2. Hafta: Akademik Yayın Sistemi

  • Bilimsel çalışmalar dergilerde nasıl değerlendirilir ve görünür olur?
  • Yayın yanlılığı, dosya çekmecesi problemi ve publish or perish kültürü ne anlama gelir?
  • Atıf sistemi ve hakemlik (peer review) gerçekten kaliteyi mi ödüllendiriyor?

Amaç: Akademik yayın süreçlerinin bilimsel bulguların yayılımını nasıl etkilediğini anlamak. Yayın yanlılığı, dosya çekmecesi problemi, publish or perish kültürü gibi kavramlarla tanışarak, araştırmacı davranışları üzerindeki yapısal baskıları görmek.

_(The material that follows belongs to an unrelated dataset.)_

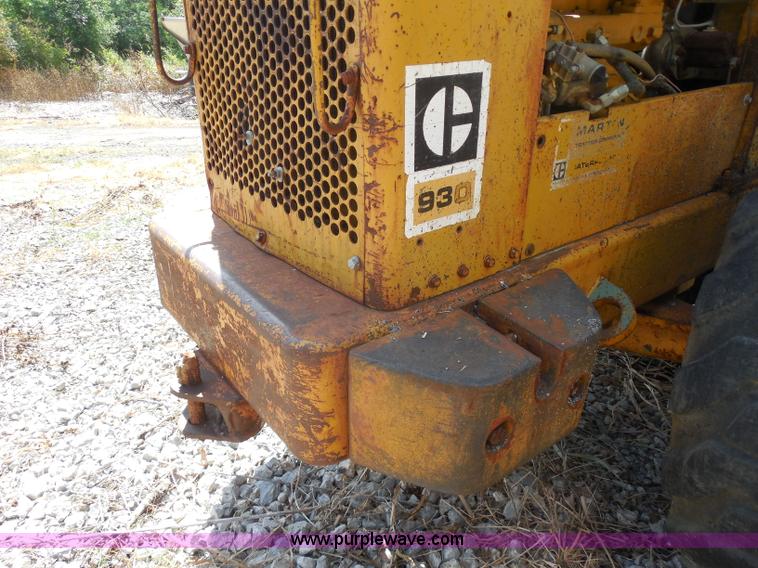image for item H9759 1972 Caterpillar 930 loader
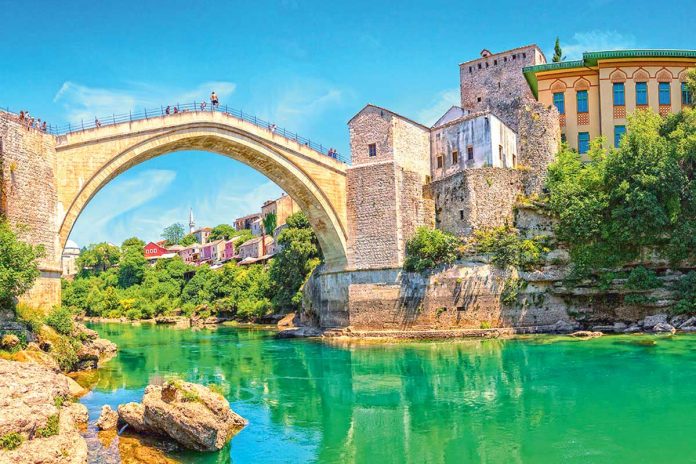 old-bridge-mostar-emerald-river-mostar-koprusu-kopri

Açıklama: Bu hafta bilimsel bilginin dergilere nasıl girdiğini ve nasıl değerlendirildiğini inceleyeceğiz. Maalesef her yapılan çalışma eşit şekilde görünür olmuyor; dergiler ilginç ve pozitif (görünen) sonuçları tercih ediyor, araştırmacılar da kariyer baskısıyla bunları üretmeye veya çalışmalarını o şekilde göstermeye çalışıyor. Bu durum yayın yanlılığı dediğimiz sorunu doğuruyor: literatürde okuduklarımız, yapılmış tüm çalışmaların tarafsız bir kesiti değil. Ayrıca bir prestij sinyali olarak atıf sisteminin çalışıp çalışmadığını; peer review sisteminin akademik kalite getirip getirmediğini konuşacağız.

Hazırlık Okumaları:

1. Trueblood, J. S., Allison, D. B., Field, S. M., Fishbach, A., Gaillard, S. D., Gigerenzer, G., … & Teodorescu, A. R. (2025). The misalignment of incentives in academic publishing and implications for journal reform. Proceedings of the National Academy of Sciences, 122(5), e2401231121.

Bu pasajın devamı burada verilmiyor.